WHAT YOU HAVE TO DO:
What's needed is an exact copy of the lines from the one that contains "Descente de rivière" to the end of the data below, leaving the pictures out.

[Collected data]
* * * * *

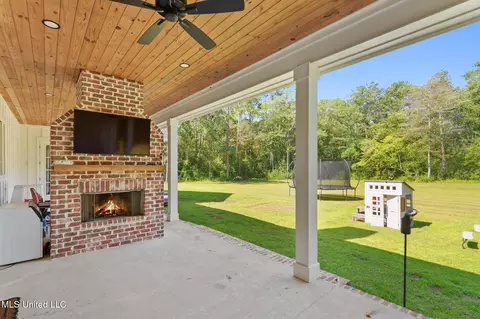 Exterior - 19255 Eli Dudley Rd, Moss Point, MS 39562 photo 2 of 5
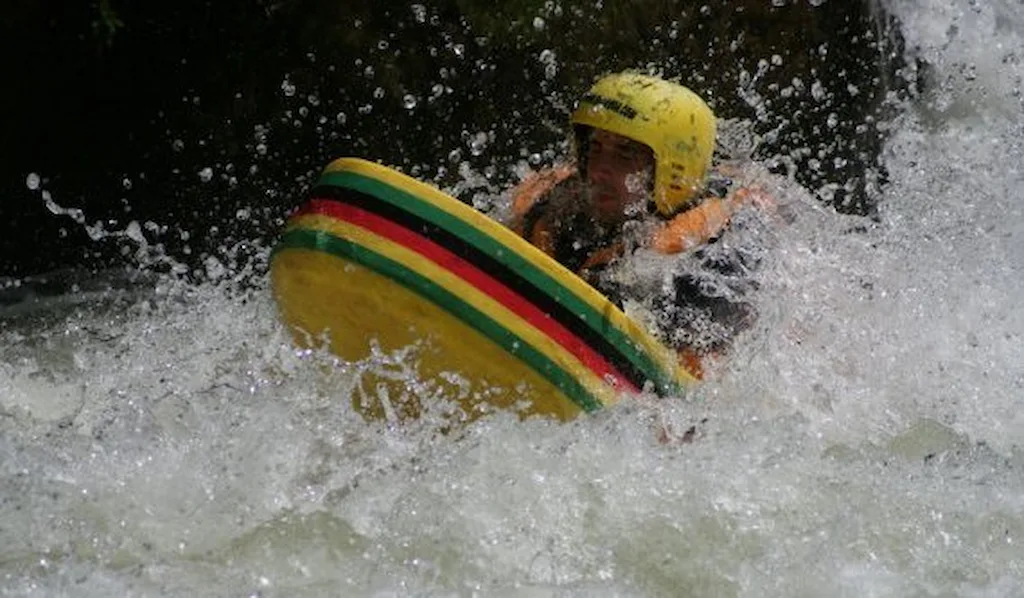 Descente de rivière à la nage Pyrénées-Orientales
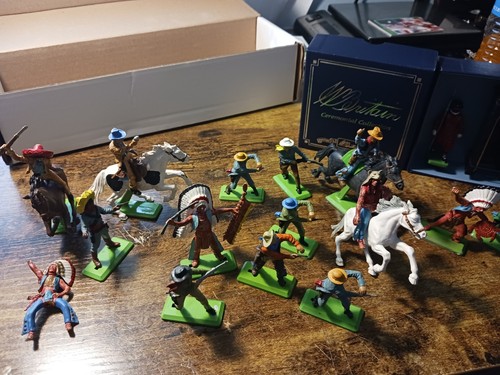 LOT OF 16 BRITIANS DEETAIL WESTERN FIGURES. COWBOYS AND INDIANS. TOY SOLDIERS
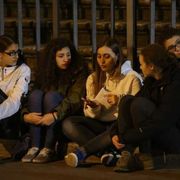 I poveri prima, trasparenza, coraggio: cosa chiedono i giovani al nuovo Papa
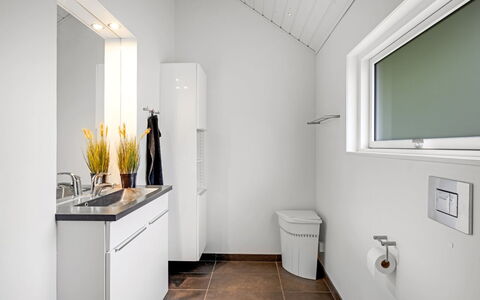 Ketilbiorn - 1.2Km to the Fjord: Flooring, Plumbing Fixture, Interior Design, Floor, Sink, Ceiling, Bathroom, Tap, Plumbing, Toilet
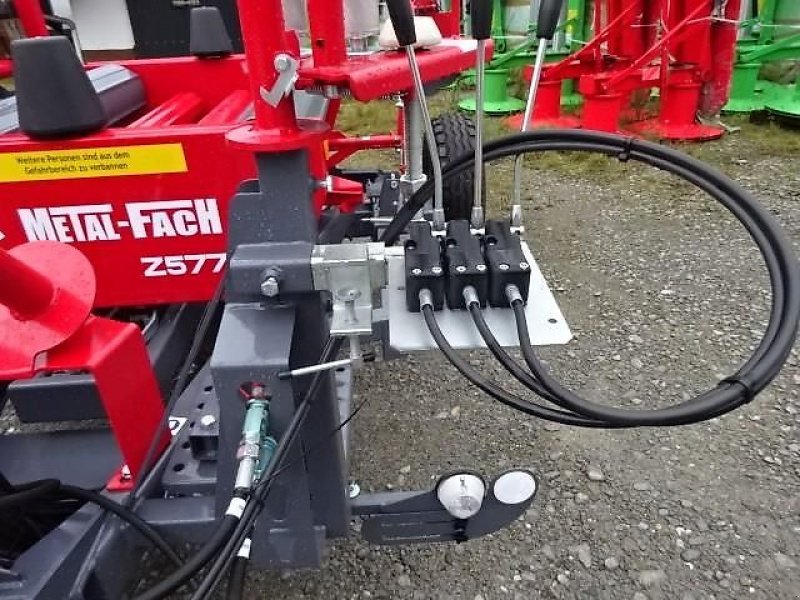 Ballenwickler des Typs Metal-Fach Z 577 Wickelgerät -Neue Version -  Sonderpreis -- mit Seitenlader- mit Ballenaufsteller, Neumaschine in Neureichenau (Bild 5)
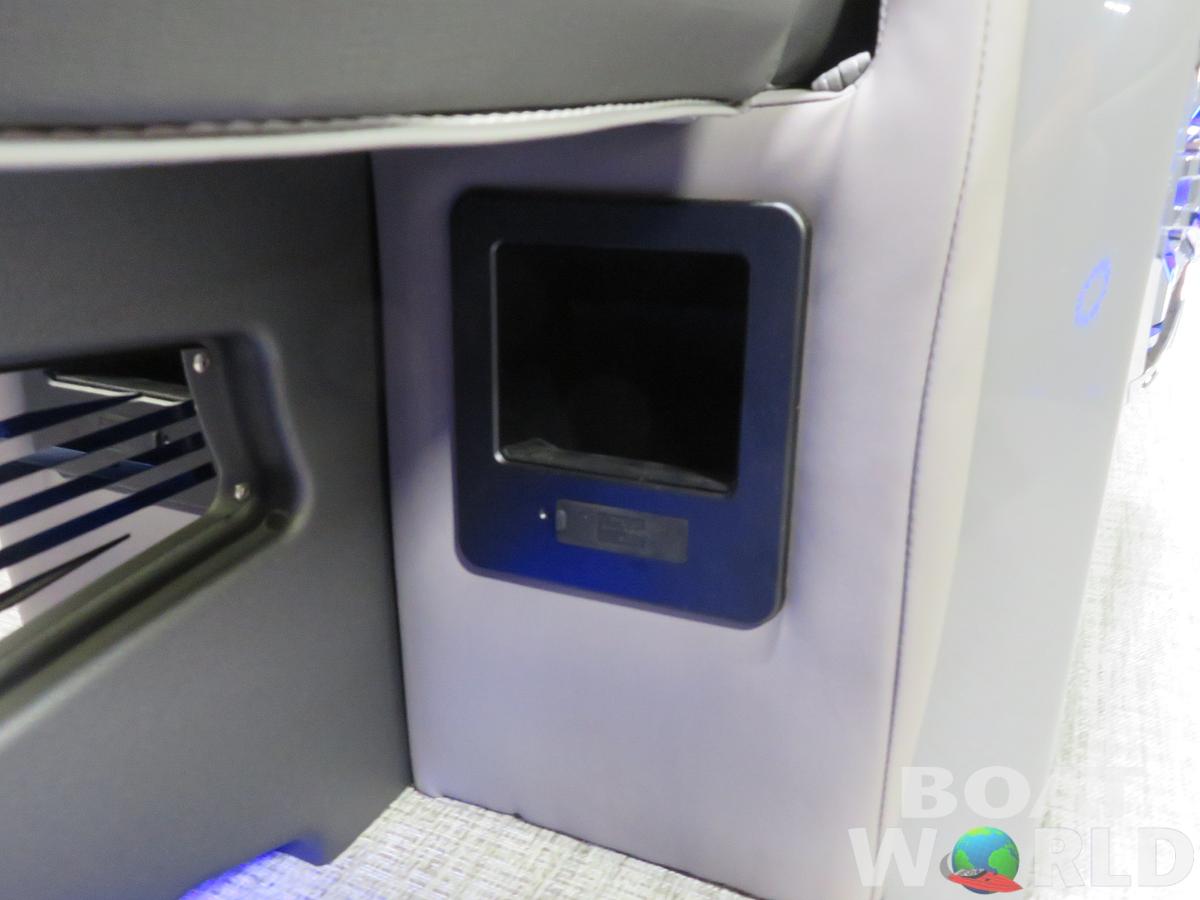 2024 Tahoe Pontoons Cascade 2385 VRL Swingback & Honda 140HP 4-Stroke EFI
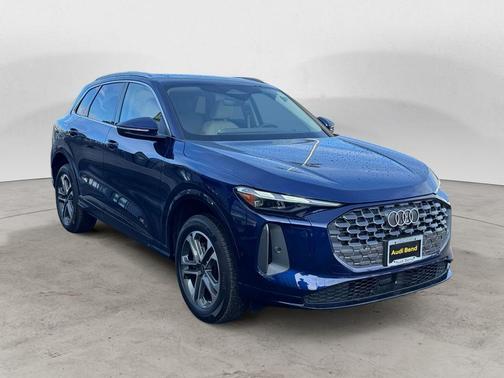 Navarra Blue Metallic 2025 Audi Q5 2.0T quattro Premium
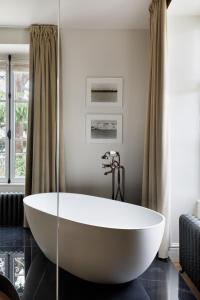 B&B / Chambres d'hotes Clos du Cedre - Chambres d-Hotes d-Exception, Luxury B&B a Dinan : photos des chambres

* * * * *

RESPONSE BOX:
 Descente de rivière à la nage Pyrénées-Orientales
 LOT OF 16 BRITIANS DEETAIL WESTERN FIGURES. COWBOYS AND INDIANS. TOY SOLDIERS
 I poveri prima, trasparenza, coraggio: cosa chiedono i giovani al nuovo Papa
 Ketilbiorn - 1.2Km to the Fjord: Flooring, Plumbing Fixture, Interior Design, Floor, Sink, Ceiling, Bathroom, Tap, Plumbing, Toilet
 Ballenwickler des Typs Metal-Fach Z 577 Wickelgerät -Neue Version -  Sonderpreis -- mit Seitenlader- mit Ballenaufsteller, Neumaschine in Neureichenau (Bild 5)
 2024 Tahoe Pontoons Cascade 2385 VRL Swingback & Honda 140HP 4-Stroke EFI
 Navarra Blue Metallic 2025 Audi Q5 2.0T quattro Premium
 B&B / Chambres d'hotes Clos du Cedre - Chambres d-Hotes d-Exception, Luxury B&B a Dinan : photos des chambres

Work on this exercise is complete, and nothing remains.